Permettez-moi de terminer ma présentation en formulant deux observations.

La première concerne l'évolution de la gouvernance du sport. Annoncée depuis le début de l'année, sa finalisation a toutefois pris du retard. Le projet de loi de finances est donc soumis à notre examen sans que le cadre soit stabilisé. L'objectif est pertinent : créer, sous la forme d'une agence nationale du sport, un groupement d'intérêt public agrégeant le mouvement sportif et ses différents financeurs : l'État, les collectivités territoriales et les acteurs économiques. Cette gouvernance devrait permettre de résoudre en partie le paradoxe selon lequel les collectivités territoriales, soutien essentiel du sport, n'étaient guère représentées dans sa gouvernance.
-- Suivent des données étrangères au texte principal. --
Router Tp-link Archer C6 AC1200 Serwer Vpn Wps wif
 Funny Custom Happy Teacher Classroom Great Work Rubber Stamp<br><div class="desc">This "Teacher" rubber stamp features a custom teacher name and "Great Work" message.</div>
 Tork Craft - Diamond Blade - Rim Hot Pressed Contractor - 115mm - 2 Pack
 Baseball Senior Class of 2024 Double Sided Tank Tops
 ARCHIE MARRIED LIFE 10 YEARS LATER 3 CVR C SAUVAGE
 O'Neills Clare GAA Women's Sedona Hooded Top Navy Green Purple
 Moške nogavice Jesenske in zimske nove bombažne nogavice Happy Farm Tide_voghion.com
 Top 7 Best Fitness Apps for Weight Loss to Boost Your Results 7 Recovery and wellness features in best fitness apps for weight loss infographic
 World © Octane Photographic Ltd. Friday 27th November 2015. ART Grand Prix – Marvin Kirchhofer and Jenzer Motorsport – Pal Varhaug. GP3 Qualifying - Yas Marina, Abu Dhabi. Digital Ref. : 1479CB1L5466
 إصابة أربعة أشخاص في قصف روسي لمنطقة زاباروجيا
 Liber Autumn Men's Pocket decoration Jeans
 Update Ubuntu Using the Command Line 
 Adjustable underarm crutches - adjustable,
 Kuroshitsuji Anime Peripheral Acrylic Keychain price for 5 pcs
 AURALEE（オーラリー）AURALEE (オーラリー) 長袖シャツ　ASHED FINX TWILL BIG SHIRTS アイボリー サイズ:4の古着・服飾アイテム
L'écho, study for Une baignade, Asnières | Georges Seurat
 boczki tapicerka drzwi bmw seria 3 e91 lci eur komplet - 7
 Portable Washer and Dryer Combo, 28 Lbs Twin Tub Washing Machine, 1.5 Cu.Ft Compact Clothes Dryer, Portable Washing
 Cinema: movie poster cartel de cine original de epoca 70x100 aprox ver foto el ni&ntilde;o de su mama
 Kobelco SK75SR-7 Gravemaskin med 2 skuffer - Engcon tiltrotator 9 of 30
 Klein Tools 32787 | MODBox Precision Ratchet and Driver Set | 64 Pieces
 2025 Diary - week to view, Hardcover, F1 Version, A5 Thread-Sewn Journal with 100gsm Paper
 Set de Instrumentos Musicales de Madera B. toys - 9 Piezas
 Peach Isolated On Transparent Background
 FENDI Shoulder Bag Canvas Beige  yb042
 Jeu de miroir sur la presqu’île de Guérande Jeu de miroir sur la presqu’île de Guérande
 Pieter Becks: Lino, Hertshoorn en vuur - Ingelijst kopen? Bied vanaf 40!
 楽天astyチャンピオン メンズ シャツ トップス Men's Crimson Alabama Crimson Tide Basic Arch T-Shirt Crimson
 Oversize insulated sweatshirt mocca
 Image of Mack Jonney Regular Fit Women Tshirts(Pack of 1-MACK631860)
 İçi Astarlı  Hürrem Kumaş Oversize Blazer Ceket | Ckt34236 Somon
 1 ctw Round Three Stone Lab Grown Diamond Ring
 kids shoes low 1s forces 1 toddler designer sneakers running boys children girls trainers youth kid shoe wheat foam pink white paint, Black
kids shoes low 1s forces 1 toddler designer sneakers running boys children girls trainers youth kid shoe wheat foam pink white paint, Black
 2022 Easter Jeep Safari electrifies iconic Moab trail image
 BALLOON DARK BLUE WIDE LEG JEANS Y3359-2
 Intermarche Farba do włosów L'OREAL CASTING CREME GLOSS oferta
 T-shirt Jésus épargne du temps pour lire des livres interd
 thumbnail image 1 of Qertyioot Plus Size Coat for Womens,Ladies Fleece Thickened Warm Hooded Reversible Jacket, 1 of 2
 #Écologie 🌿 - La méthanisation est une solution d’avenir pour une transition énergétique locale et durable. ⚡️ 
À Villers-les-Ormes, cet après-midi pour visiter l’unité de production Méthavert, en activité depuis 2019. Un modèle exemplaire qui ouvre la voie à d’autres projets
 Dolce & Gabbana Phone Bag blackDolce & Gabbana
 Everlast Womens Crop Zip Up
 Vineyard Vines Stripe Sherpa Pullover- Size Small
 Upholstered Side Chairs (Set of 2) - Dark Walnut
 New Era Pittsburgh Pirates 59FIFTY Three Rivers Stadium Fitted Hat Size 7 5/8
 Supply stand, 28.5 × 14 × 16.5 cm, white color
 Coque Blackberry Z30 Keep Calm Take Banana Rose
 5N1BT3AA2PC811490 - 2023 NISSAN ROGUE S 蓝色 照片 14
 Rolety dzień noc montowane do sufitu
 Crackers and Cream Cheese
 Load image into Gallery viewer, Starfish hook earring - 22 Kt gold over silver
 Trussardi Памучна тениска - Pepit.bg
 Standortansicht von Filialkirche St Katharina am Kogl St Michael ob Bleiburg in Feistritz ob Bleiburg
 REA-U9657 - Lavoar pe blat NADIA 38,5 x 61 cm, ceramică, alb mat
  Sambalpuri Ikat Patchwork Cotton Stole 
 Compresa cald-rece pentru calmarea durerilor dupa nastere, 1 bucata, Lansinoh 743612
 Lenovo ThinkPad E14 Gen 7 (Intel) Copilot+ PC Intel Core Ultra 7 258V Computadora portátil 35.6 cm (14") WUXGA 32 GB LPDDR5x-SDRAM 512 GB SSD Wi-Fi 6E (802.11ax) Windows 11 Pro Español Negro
Cette évolution appelle toutefois de ma part trois remarques : elle ne doit pas conduire à une attrition progressive du soutien financier de l'État ; elle s'accompagnera d'une actualisation des missions du ministère et de la direction du sport, sans que nous en connaissions les conséquences, notamment en termes humains - je pense en particulier aux conseillers techniques sportifs - ; elle devra conduire à un réexamen des taxes affectées, dont bénéficie actuellement le Centre national pour le développement du sport (CNDS), conformément aux annonces faites par le Premier ministre le 10 septembre dernier, annonces qui n'ont pas été détaillées à ce stade.

La seconde concerne le soutien à la vie associative. L'audition organisée par notre commission il y a quinze jours a mis en lumière les difficultés auxquelles les associations sont confrontées en raison des réformes fiscales mises en oeuvre. D'autres facteurs s'ajoutent comme la forte réduction des contrats aidés ou la suppression de la dotation d'action parlementaire ou « réserve parlementaire ». Les 25 millions d'euros prévus en faveur du Fonds pour le développement de la vie associative l'an dernier à titre de compensation seront maintenus en 2019. Cependant, l'actualisation réglementaire tardive des missions de ce fonds s'est traduite par une coupure dans les ressources des petites associations qui bénéficiaient traditionnellement de ce soutien. Le mouvement associatif attend beaucoup de la concertation engagée par le Gouvernement pour le renouvellement de la vie associative. Il importe de ne pas le décevoir en concrétisant rapidement cette démarche par des actions concrètes.

En conclusion, et sous réserve de l'adoption de l'amendement que je vous ai présenté, je vous propose d'adopter les crédits de la mission « Sport, jeunesse et vie associative ». Nous restons attentifs aux débats qui se déroulent à l'Assemblée nationale.